Select from the records below every line that has the word "crown" in it.

◇ ◇ ◇

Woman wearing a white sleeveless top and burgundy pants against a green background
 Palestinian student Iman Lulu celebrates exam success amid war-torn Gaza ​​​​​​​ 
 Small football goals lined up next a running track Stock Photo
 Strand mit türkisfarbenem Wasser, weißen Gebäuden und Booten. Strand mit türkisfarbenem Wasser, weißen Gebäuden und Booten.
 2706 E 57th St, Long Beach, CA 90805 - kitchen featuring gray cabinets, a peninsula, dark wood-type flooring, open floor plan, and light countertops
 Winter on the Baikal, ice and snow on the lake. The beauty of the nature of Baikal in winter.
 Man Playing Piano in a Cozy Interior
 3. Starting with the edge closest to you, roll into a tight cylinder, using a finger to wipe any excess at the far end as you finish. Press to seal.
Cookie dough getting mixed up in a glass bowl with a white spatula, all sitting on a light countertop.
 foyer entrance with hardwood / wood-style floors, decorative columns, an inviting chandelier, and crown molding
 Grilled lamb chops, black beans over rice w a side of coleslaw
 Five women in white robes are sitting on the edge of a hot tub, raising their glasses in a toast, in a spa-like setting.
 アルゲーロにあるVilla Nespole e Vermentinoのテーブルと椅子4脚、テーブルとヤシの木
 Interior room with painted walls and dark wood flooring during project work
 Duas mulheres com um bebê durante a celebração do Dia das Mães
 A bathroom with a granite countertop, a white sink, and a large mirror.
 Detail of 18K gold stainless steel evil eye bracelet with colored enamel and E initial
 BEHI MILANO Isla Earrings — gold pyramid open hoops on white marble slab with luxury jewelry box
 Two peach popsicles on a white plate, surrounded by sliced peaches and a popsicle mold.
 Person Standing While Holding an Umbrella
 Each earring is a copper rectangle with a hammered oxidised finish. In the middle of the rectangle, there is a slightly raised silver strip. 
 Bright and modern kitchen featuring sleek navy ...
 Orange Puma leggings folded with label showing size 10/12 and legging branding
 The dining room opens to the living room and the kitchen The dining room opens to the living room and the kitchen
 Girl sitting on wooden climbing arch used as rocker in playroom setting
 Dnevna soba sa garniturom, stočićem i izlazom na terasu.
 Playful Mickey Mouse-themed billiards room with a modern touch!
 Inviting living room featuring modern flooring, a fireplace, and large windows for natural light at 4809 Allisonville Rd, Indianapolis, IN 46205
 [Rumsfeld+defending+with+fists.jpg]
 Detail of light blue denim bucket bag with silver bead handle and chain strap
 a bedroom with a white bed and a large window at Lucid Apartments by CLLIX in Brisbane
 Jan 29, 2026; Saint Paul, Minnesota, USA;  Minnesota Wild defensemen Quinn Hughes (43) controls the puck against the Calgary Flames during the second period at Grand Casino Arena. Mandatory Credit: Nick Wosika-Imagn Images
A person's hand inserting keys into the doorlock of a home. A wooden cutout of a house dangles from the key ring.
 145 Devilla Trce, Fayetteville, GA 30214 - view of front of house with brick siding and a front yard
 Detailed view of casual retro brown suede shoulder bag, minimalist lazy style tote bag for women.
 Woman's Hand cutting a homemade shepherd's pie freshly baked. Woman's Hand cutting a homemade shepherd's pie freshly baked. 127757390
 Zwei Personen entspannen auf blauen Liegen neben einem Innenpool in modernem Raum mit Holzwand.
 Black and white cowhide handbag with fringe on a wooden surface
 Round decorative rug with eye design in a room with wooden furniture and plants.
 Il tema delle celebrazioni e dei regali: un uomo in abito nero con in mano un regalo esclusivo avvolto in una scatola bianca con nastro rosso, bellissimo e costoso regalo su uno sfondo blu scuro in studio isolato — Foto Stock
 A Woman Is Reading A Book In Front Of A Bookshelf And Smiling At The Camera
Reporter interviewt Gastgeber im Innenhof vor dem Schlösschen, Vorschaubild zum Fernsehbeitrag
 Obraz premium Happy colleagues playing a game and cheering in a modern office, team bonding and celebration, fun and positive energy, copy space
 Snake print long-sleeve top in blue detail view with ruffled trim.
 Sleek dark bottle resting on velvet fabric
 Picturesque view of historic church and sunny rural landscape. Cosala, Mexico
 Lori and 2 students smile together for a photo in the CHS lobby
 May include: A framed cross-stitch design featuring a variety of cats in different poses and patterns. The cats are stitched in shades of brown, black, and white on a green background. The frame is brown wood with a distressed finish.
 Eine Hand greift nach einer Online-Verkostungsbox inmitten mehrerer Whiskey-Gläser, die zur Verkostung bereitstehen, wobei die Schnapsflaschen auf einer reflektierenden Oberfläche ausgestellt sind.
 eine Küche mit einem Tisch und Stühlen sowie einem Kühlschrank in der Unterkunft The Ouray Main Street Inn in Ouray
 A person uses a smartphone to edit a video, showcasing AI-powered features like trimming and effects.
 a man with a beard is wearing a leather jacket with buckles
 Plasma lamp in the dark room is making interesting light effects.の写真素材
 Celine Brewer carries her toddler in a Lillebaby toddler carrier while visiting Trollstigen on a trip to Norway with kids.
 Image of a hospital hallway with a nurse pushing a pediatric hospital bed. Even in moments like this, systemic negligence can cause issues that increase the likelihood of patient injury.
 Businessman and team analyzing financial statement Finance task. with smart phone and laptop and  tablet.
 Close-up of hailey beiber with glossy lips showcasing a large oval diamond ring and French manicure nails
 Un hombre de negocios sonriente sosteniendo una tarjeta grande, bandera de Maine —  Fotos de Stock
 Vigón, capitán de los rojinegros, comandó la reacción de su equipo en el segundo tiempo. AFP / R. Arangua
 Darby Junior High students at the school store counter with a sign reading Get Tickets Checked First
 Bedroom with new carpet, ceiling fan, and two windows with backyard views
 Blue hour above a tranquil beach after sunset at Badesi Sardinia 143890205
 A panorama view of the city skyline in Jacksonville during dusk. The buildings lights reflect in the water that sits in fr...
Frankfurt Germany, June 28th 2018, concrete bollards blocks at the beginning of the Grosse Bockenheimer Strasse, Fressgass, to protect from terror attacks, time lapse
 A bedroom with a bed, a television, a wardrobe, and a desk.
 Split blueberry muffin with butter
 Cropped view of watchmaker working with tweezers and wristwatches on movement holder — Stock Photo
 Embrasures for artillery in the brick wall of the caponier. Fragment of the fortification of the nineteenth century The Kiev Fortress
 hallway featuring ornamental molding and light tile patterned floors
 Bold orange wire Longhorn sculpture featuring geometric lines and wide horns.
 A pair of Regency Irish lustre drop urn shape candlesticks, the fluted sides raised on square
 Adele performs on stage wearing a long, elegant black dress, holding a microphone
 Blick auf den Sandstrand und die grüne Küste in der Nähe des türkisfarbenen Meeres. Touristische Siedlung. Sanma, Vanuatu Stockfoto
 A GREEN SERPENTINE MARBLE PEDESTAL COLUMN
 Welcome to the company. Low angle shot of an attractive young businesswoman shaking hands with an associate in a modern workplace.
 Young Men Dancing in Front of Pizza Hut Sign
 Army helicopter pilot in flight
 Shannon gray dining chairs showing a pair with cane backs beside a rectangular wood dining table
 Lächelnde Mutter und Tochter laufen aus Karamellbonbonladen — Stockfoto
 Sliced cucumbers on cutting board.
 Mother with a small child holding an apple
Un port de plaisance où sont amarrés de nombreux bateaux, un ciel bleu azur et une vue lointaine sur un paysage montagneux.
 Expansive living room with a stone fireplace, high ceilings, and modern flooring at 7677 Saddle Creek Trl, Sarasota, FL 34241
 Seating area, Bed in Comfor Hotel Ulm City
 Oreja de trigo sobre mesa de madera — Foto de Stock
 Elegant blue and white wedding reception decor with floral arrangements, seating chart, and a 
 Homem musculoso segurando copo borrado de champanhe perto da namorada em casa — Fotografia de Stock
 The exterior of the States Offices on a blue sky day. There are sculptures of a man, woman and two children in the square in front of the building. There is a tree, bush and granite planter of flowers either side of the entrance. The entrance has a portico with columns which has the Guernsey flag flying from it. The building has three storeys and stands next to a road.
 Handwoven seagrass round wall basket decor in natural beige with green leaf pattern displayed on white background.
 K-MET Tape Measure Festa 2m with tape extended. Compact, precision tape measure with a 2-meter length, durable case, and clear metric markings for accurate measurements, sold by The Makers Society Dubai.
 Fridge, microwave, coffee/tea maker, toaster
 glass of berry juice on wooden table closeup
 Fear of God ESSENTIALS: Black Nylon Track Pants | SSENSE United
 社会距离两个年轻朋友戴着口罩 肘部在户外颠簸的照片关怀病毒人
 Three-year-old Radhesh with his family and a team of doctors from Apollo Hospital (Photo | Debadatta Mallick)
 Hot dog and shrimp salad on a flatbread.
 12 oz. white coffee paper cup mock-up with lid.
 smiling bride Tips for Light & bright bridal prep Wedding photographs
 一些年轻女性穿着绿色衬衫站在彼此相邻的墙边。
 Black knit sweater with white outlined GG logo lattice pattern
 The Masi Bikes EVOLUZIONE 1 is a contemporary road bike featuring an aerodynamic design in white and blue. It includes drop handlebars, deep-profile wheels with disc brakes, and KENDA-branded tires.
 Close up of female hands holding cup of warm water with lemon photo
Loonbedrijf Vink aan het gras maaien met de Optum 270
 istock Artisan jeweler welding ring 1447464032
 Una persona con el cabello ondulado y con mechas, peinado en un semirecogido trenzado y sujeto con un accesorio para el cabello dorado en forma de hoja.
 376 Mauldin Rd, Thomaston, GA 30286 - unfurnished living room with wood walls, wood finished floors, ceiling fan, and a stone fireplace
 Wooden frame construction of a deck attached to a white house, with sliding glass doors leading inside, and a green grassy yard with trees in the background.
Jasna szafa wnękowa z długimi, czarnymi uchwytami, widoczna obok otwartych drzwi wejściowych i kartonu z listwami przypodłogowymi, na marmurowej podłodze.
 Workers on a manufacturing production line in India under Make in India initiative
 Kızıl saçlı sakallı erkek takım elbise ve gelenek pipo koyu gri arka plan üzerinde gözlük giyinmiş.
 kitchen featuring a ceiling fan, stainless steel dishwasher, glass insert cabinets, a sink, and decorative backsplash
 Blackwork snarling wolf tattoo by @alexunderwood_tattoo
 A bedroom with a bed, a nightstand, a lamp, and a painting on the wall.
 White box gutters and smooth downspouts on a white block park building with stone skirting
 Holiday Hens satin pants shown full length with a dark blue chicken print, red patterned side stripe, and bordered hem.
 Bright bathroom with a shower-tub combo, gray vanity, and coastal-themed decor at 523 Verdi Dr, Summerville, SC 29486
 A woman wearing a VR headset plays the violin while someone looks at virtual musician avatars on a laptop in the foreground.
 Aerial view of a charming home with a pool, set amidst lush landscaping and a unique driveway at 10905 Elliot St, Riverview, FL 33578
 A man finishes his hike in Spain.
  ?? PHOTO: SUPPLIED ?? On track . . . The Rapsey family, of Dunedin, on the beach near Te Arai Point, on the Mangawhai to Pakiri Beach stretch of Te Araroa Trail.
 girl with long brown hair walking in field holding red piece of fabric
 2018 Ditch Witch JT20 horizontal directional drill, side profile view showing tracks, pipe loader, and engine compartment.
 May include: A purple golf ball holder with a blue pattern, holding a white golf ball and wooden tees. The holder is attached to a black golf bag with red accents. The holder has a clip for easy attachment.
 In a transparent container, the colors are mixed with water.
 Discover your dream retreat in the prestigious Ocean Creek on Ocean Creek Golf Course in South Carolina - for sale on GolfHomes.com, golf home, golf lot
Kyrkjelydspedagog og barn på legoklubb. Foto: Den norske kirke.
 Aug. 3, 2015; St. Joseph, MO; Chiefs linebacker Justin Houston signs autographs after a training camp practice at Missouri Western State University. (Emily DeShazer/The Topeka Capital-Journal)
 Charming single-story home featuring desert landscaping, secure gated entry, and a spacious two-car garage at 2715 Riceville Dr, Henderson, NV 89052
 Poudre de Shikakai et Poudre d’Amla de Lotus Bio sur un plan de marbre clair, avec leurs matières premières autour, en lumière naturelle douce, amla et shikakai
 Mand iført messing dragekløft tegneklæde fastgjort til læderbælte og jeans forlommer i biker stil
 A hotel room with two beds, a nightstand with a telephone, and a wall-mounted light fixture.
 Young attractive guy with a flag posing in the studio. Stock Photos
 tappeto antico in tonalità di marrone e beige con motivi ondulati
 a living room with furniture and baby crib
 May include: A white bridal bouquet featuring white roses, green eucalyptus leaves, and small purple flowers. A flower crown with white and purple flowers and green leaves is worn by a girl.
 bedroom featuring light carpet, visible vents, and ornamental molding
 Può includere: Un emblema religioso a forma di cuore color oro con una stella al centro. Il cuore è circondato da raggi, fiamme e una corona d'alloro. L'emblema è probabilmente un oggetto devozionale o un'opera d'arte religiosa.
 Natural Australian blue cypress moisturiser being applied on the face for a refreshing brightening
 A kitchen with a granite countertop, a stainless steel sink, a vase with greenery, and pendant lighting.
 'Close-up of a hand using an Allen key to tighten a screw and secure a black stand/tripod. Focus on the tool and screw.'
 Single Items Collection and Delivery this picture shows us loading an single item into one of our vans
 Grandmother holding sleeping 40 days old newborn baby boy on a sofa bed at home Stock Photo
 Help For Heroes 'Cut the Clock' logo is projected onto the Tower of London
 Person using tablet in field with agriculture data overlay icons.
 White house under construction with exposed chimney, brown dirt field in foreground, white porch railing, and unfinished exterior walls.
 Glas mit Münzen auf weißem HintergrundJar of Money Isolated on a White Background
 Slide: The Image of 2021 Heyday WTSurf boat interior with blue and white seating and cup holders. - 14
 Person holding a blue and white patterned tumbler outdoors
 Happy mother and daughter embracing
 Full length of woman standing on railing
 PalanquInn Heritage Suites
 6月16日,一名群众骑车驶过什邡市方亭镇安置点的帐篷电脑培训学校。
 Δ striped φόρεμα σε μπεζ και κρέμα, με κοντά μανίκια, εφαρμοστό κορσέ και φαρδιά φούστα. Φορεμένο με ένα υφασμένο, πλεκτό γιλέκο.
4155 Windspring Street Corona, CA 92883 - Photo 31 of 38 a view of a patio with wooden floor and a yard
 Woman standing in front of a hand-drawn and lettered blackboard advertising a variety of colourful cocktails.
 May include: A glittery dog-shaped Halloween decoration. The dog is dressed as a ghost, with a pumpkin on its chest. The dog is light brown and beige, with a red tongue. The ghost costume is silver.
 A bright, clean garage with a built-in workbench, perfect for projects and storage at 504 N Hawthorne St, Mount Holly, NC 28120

◇ ◇ ◇

Result for this task »
 foyer entrance with hardwood / wood-style floors, decorative columns, an inviting chandelier, and crown molding
 May include: A white bridal bouquet featuring white roses, green eucalyptus leaves, and small purple flowers. A flower crown with white and purple flowers and green leaves is worn by a girl.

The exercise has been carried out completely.